## [PROBLEM TO WORK ON]
Your answer must be an exact copy of the records below, with no pictures in it.

(EXCERPTED RECORDS begins)

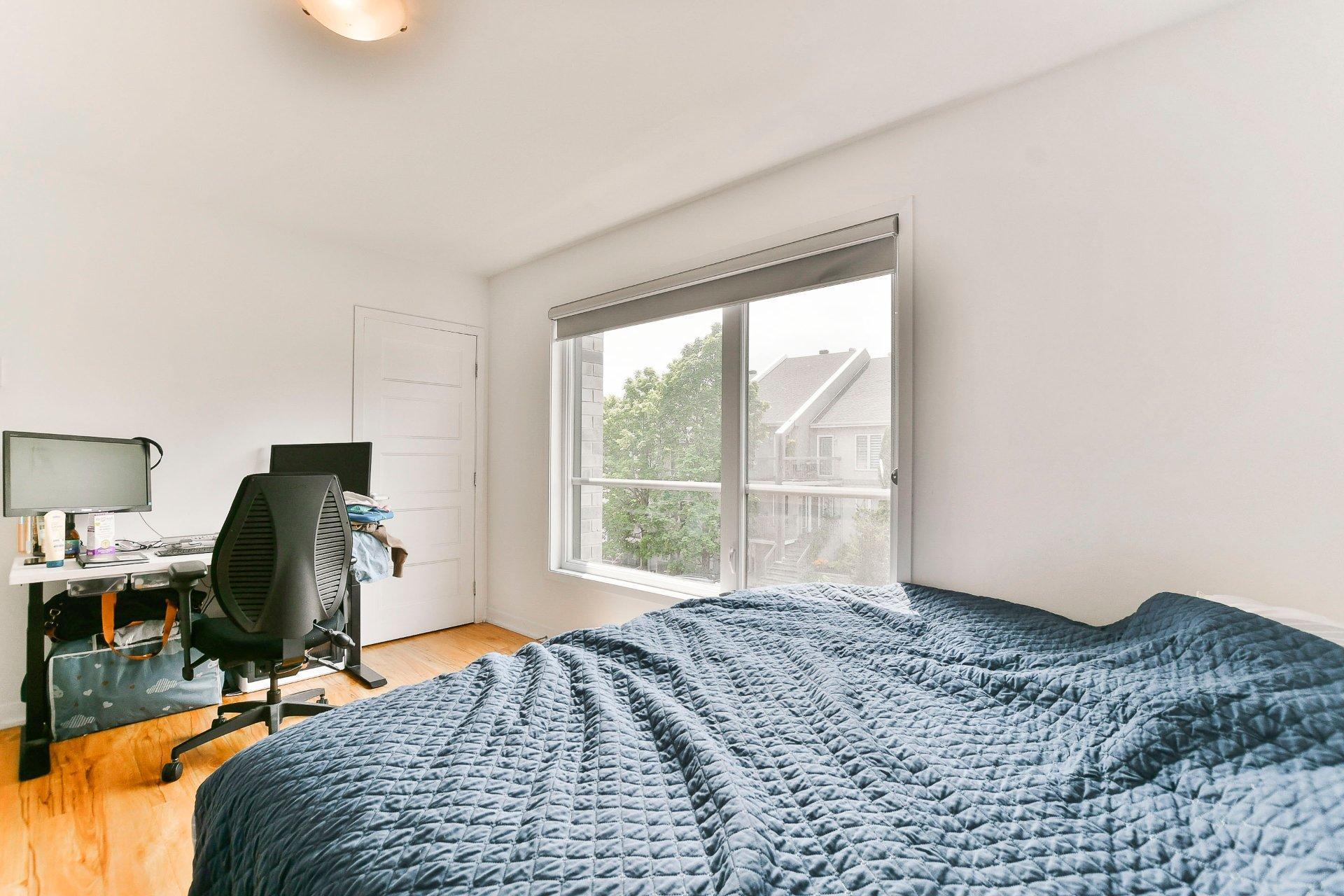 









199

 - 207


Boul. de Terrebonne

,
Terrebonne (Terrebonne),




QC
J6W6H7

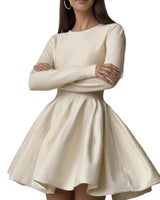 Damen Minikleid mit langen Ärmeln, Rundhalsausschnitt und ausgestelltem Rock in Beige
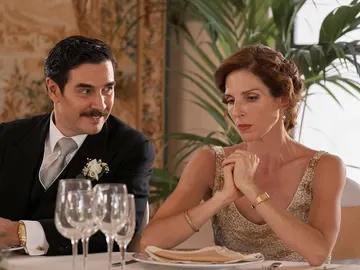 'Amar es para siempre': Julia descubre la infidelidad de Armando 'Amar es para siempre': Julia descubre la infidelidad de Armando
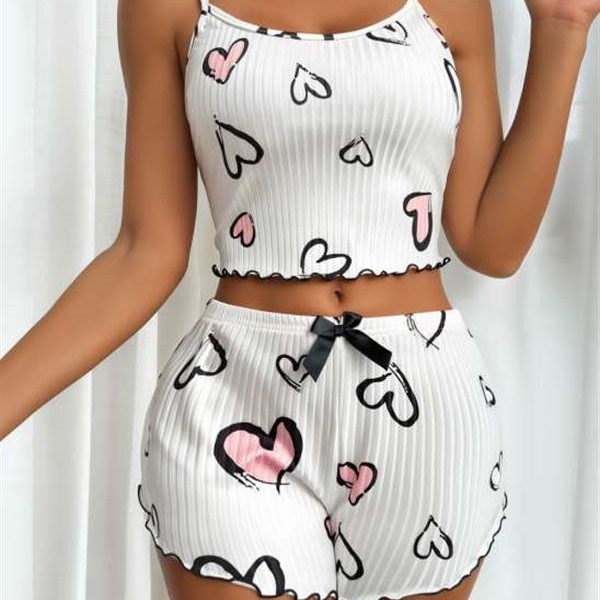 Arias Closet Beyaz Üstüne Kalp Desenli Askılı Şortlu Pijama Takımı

(EXCERPTED RECORDS ends)

## [WRITTEN RESPONSE]
199

 - 207


Boul. de Terrebonne

,
Terrebonne (Terrebonne),




QC
J6W6H7

 Damen Minikleid mit langen Ärmeln, Rundhalsausschnitt und ausgestelltem Rock in Beige
 'Amar es para siempre': Julia descubre la infidelidad de Armando 'Amar es para siempre': Julia descubre la infidelidad de Armando
 Arias Closet Beyaz Üstüne Kalp Desenli Askılı Şortlu Pijama Takımı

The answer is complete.